Aloha Anthony: Thanks for the fine work you do editing Maui Time Weekly. Each week I look forward to the newest issue.
Your Coconut Wireless column discussed the norovirus outbreaks
aboard the Queen Elizabeth 2 and provided statistics on the total
number of sick passengers for 2005 and 2006 (Feb. 1, 2007).
While you start out correctly relating the number of sick passengers
to the total number of outbreaks on the QE2, 276 out of 1,652, you fail
to relate the overall number of sick passengers in 2005 and 2006 to the
total number of folks who went on cruises. This is significant as the
cruise industry grows about 10 percent or 500,000 passengers per year.
In order to understand the increased danger for a norovirus
outbreak, we have to examine the raw numbers you provided as a subset
of the total number of passengers.
For 2005, there were 11.2 million passengers of which 4016 became
ill. This represents 0.004 percent of the total number of passengers.

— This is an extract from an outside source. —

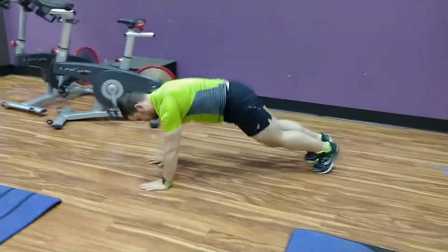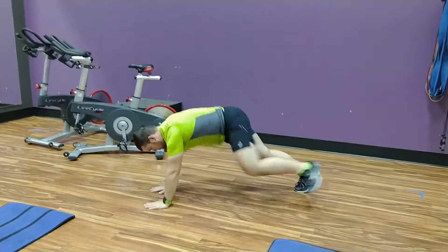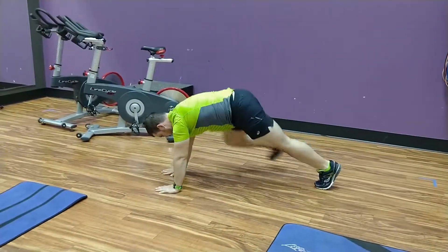Rotating Spider-Man. Begin in a high plank. Step one foot all the way forward to your hand and rotate your hand on that side up to the ceiling, stretching through your shoulder and mid-back as you do so.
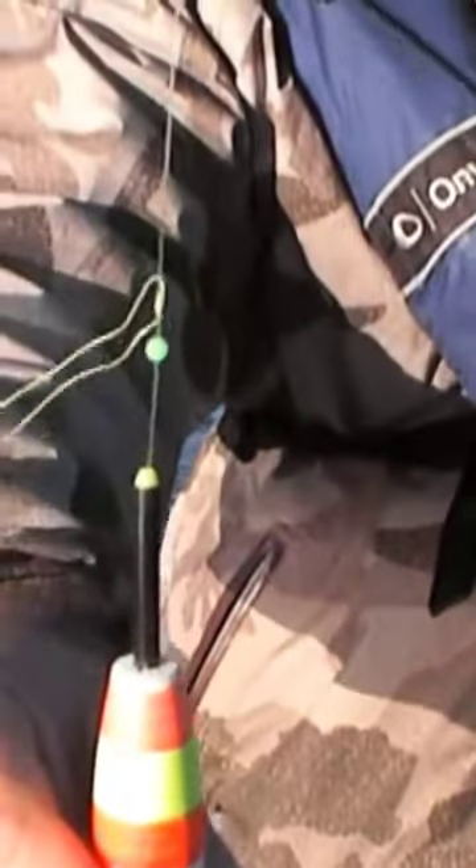The purpose of the setup, as you can see, is that the float comes all the way up to the knot. I can adjust this knot and adjust the depth of where my bait's going to be.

For 2006, there were 11.7 million passengers of which 6,502 became ill.
This represents 0.006 percent of the total number of passengers.
We can then conclude that the increase in outbreaks between 2005 and
2006 relative to the total number of passengers is two thousandth of a
percent. Not nearly as dramatic as 59 percent, but a more accurate
reflection of the actual concern that should accompany such a
If you have a moment you may enjoy reading Barry Glasner’s book The
Culture Of Fear. It relates quite well to the convoluted point I am
trying to illustrate.
Keep doing what you do.
-Darrel Smith, Kihei
ANTHONY PIGNATARO ATTEMPTS TO DEFEND HIS SENSATIONALISM: I
think it was Winston Churchill—no, Henry Cabot Lodge… I think—anyway,
some old wise man who’s been dead a long time who said it best:
“Numbers, schmumbers.” Seriously, though, assuming your 11.7 million
passenger figure is correct (it is, at this point, still an estimate),
you are of course correct about the actual number of sick passengers
being statistically miniscule, though I stand by my logic that it’s
worth worrying about the fact that the number of outbreaks—i.e.,
infected ships—is rising, especially given that the federally funded
Centers for Disease Control are supposedly conducting more onboard ship
inspections than ever.
Being full-time residents of Honolua Valley, we are very troubled by
the plans Maui Land and Pineapple Company has for our beautiful
countryside (The Maui 10, Feb. 1, 2007). We are afraid that the natural
beauty and unique charm of this area will be lost forevermore to their
developments. The plan claims to benefit the community but which
community? Will it be for the community as a whole or for their
“private gated” communities?
Together, we can make sure the right thing is done by getting
involved with the planning process. Voice your questions and concerns
to the proper officials. Especially, attend the upcoming meetings with
the confidence that we will make a difference! HELP REPRESENT!!!!!!!